John Klem
- Full name: John Robert Klem
- Date of birth: 12 February 1943 (age 82)
- Place of birth: Sydney, NSW, Australia
- Height: 164 cm (5 ft 5 in)
- Weight: 66 kg (146 lb)

Rugby union career
- Position(s): Scrum–half

Provincial / State sides
- Years: Team / Apps / (Points)
- New South Wales /  / ()

International career
- Years: Team / Apps / (Points)
- 1963: Australia

= John Klem =

John Robert Klem (born 12 February 1943) was an Australian international rugby union player.

Born in Sydney, Klem was of South African descent through his father David, a native of Vereeniging.
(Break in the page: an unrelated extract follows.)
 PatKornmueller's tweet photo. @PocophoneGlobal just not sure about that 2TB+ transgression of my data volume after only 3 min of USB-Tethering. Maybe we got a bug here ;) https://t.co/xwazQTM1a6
He attended Balgowlah High School and Hawkesbury Agricultural College.

Klem, a pocked sized scrum–half, was a surprise selection by the Wallabies, having been restricted to Sydney's second division in matches with his college XV. He gained his call up in 1963, to be a reserve five-eighth on their tour of South Africa, behind Phil Hawthorne. After debuting in a fixture against North Eastern Districts, Klem scored a try in his next match, partnering with Ken Catchpole for a win over Rhodesia. The selectors stuck with Hawthorne through the Test series and he finished the tour with nine uncapped appearances.